Which brings me to my next point, according to Brown and Knox (2016) “A quarter of all songs listened to on Spotify are also skipped in the first five seconds (Guardian Music, 2014), which highlights that consumers are not simply listening to anything.” Let me repeat that. Consumers are not simply listening to anything. That leads me to wonder, if our modern day technology is supposed to make our lives easier/enhance our thinking/listening/seeing experiences, then how come we’re “not listening to anything”? We’re listening to fives seconds of this and five seconds of that until we reach a song that we can sit through its entirety. I admit I’m one of those people who will skip to the next song within the first one to two seconds of a song if I’m not feelin’ the vibe. It may seem like I’m bashing Spotify and the playlist, but I’m not. I use Spotify all of the time! But after reading that quote, it made me really think. Compared to the mixtape, the playlist seems like some cold-stone product of our “creativity.” Now I may be digging my own grave here, but anyone can throw some songs in a playlist and hit shuffle. There’s no craft to that! With the mixtape, you have to carefully plan out the songs, the tracklist, the mood/vibe of the mix. There’s more thought/feeling/time that goes into a mixtape than a playlist.

Our society is so go, go, go. We don’t really take the time anymore to actually take in our surroundings and fully appreciate them. This can be said the same thing with music and the playlist. We moved from carefully choosing the right music to go on a cassette or CD to hitting the shuffle button. So maybe we should try to retract from our fast-paced, plugged in culture at least once and dig out our blank CDs/cassette tapes and make a mixtape…

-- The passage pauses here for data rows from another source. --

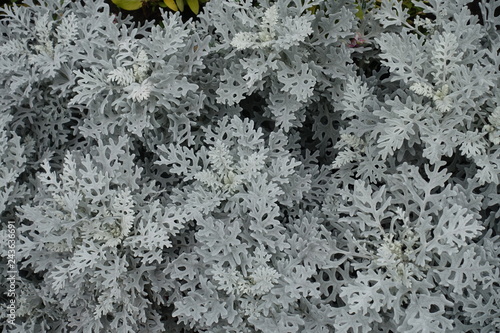 Light grey foliage of Jacobaea maritima plant photo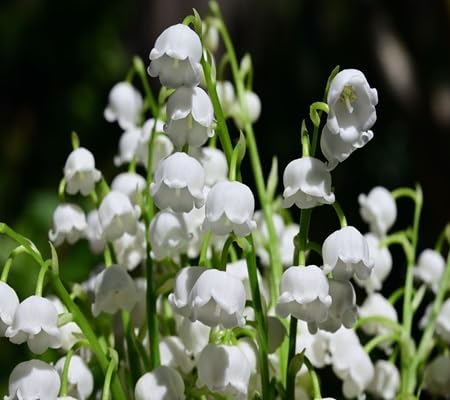 Lily The Valley Flower - Heirloom, Non - Gmo Seeds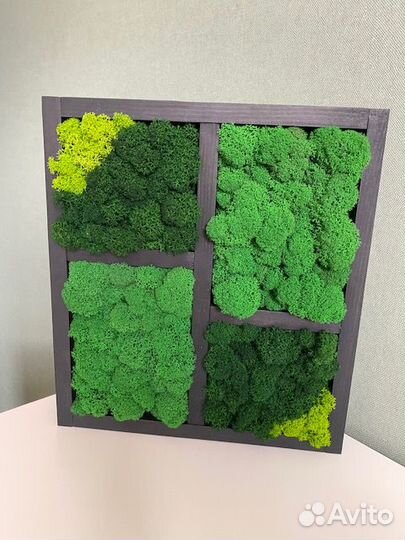 Стабилизированный мох, фитобокс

*Let me just clear this up now: there are two different uses of a “mixtape”. There’s the home-compilation of songs that are put onto a cassette tape or CD. Then there’s the “mixtape” that many hip-hop artists use as a “promotional tool packed with exclusive freestyles to an actual album-before-the-album…without labels at the helm” (Horowitz 2011). Just the other night I downloaded Chance the Rapper’s Acid Rap and on April 1st, Hamburger Helper (an American packaged food product of General Mills) dropped their five-track mixtape on Soundcloud. For this post, I will be focusing on the first use of the mixtape.




Brown, S.C. and Knox, D., 2016. Why buy an album? The motivations behind recorded music purchases. Psychomusicology: Music, Mind, and Brain26(1), p.79-86.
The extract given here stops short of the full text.